How do you optimize a system by a factor of 100, when you already built it the best you knew how?

In recent years, we’ve found ourselves in conversations with potential customers who would love to use our product, but they generated so much log data that we couldn’t handle their scale. When your company name is “Scalyr”, this is embarrassing.

It’s not hard to see where all the data is coming from. Modern architectures generate staggering volumes of logs. Microservices, Kubernetes, serverless – every major trend increases the number of components, and therefore the number of logs. That trend is not going anywhere but up. As architectures become more complex, log volume increases – and so does the need to analyze that log data to understand and troubleshoot application issues.

This has led to a world with two types of log management solutions: the ones no one can afford, and the ones no one can use – because they’re too slow, unreliable, or just plain can’t scale. Companies are operating from a position of data scarcity, unable to retain all of the information they need.

We’re in the business of providing insights based on log data. We’re big believers in realtime ingestion (providing an up-to-the-moment view) and interactive performance (processing queries in less than one second, so engineers can get into a flow state during an investigation). We built our product on a unique architecture that combines high performance, a low-overhead index-free design, and massively parallel processing, to deliver this experience at an affordable price. But when customers started coming to us with hundreds or thousands of terabytes per day, we had to turn them away.

Everyone on the team agreed that this must not stand. To get ahead of the curve, we’d have to improve the scalability of our solution by at least one, and preferably two, orders of magnitude. Considering that the existing system was already the product of years of effort, was this even possible? To highlight the technical challenge – akin to the first attempt to break the sound barrier – we code-named the project Sonic Boom.

As it turned out, breaking the cost/performance barrier was possible. Today, we’re excited to announce our next-generation SaaS log management solution, designed to drastically lower costs, scale to petabyte-per-day log volumes, all while maintaining interactive performance. Getting there required a fundamental change to our architecture, but at least as important are a thousand individual improvements – “little breakthroughs” – to make every aspect of the system more efficient. In this post, I’ll talk about how to approach a multiple-order-of-magnitude design challenge.

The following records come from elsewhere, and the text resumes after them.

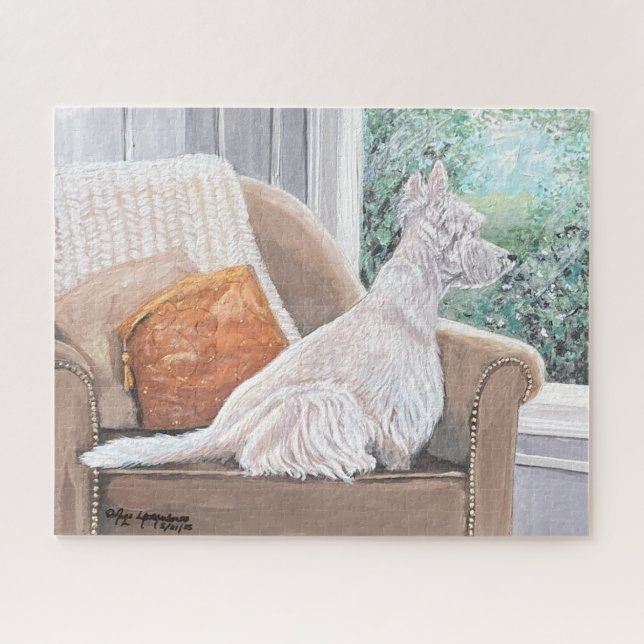 Westie Looking Out a Window Jigsaw Puzzle (Horizontal)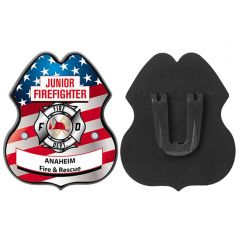Patriotic Clip-On Junior Firefighter Custom Badge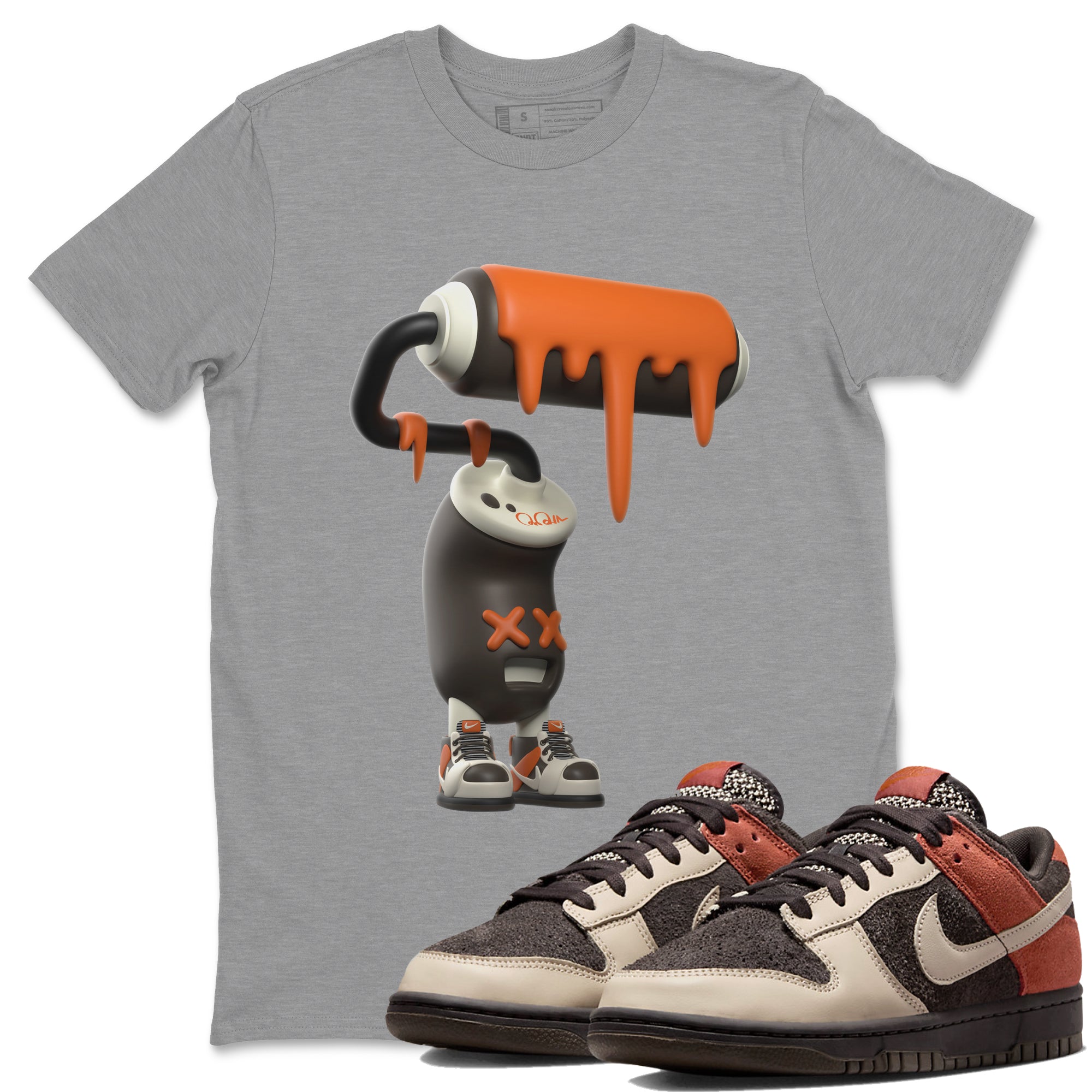 Dunk Red Panda shirt to match jordans 3D Paint Roller sneaker tees Nike Dunk LowRed Panda Drip Gear Zone Sneaker T-Shirts Crew Neck Casual Fit Heather Grey 1 T-Shirt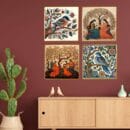 Set of Four Wall Paintings for Wall Dacoration Golden Framed Wall Paintings for Living Room & Bedroom Wall Art for Home
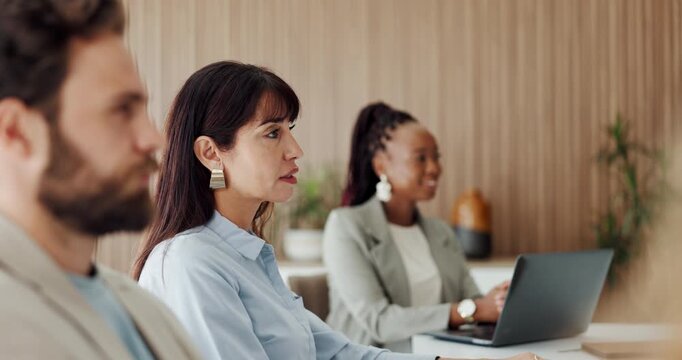 Audience, meeting and workshop with business woman in office for training or upskill development. Attention, listening and presentation with employee people in corporate workplace for company growth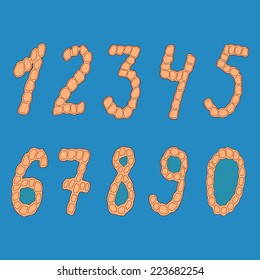 Set of isolated digits of cardboard on a blue background.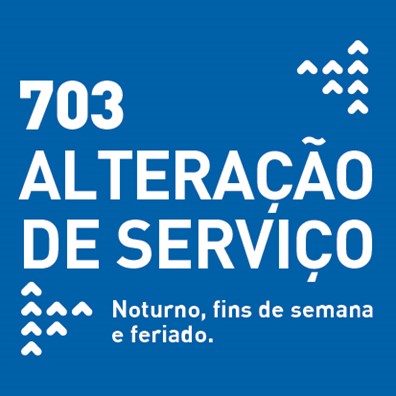 Imagem com autocarro à esquerda, com o descritivo: 703 Alteração de serviço noturno, fins de semana e feriado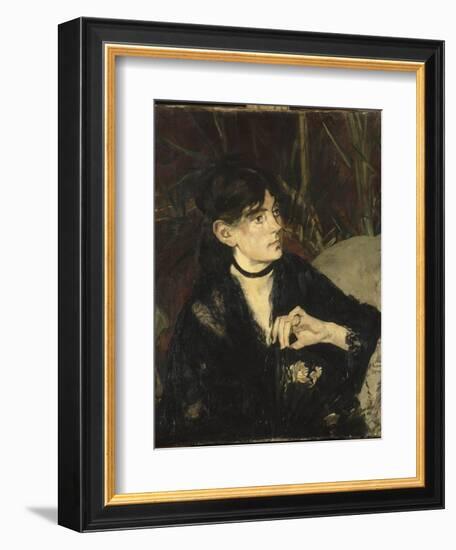 Portrait de Berthe Morisot à l'éventail-Edouard Manet-Framed Giclee Print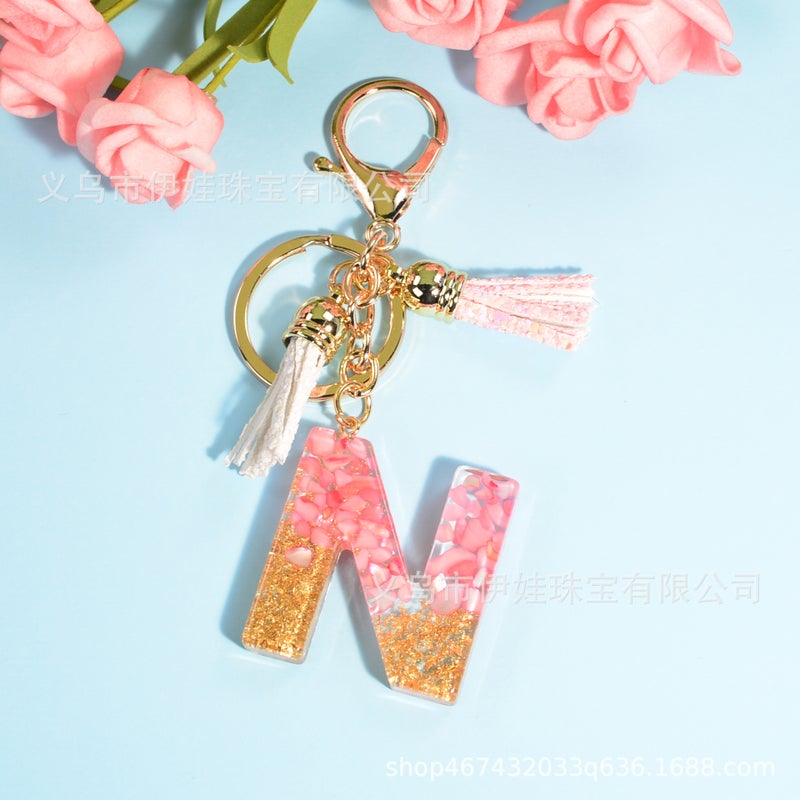 New pink tassel English letter keychain Crystal epoxy stone pendant women's bag Car pendant gift - Image 4
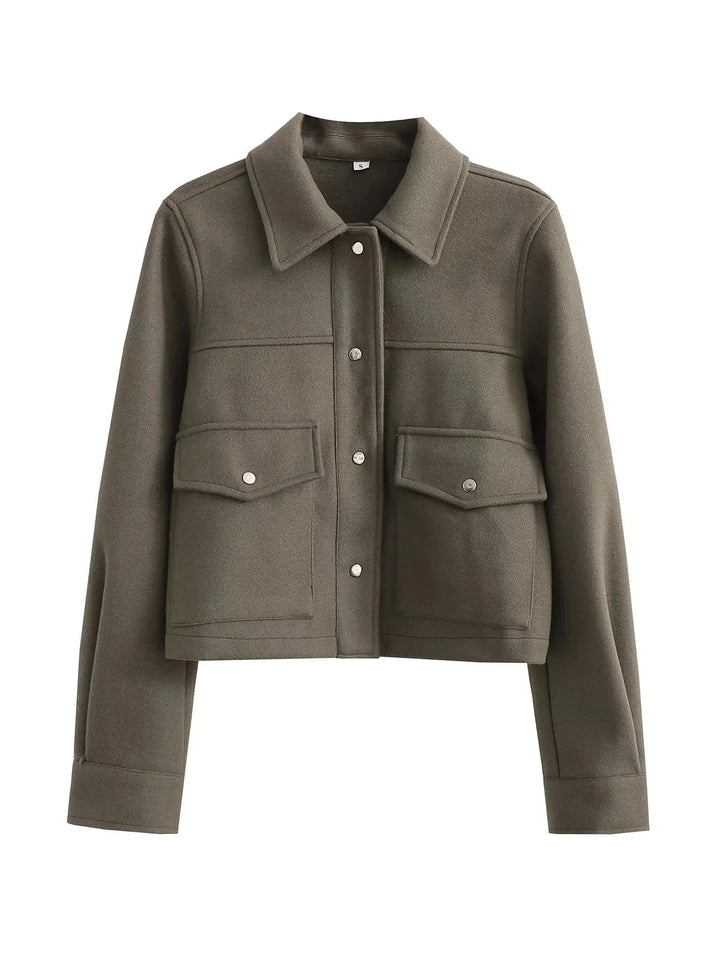 Drune | Damen cropped Jacke – taillierte Passform – Wollmischung – Knopfverschluss – Utility-Stil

The first step is to believe

“I think I can” image by Wikimedia

A basic requirement for any large undertaking is to believe you can do it. This may sound trite, but belief has two important effects:

  1. You will start to look for solutions that otherwise you might not have explored.
  2. You will whittle away at obstacles. Without faith, you might think “there’s no point in fixing X, because we’re blocked on Y anyway”. If you believe Y might have a solution, you’ll be motivated to take care of X. And then sometimes Y turns out to not be such a roadblock after all.

A well-known example of this phenomenon is the four-minute mile. For decades, runners had been trying – and failing – to run a mile in four minutes. In 1954, Roger Bannister finally did it, under less-than-ideal conditions to boot (cold day, wet track, small crowd). Once people knew it was possible, it took less than two months for Bannister’s new record to be beaten. The following year, three runners broke 4:00 in a single race.

This example can also be used to highlight the limits of the “first, believe” approach. Today’s world record for the mile is 3 minutes 43 seconds. If you believe, truly believe, you can be the first person to run a three-minute mile… it’s not going to happen. The feat you’re attempting has to be physically possible.

Analyze from first principles


Richard Feynman: There’s plenty of room at the bottom’

To decide whether your goal is possible, start by identifying the basic physical principles that determine the limits of what can be achieved.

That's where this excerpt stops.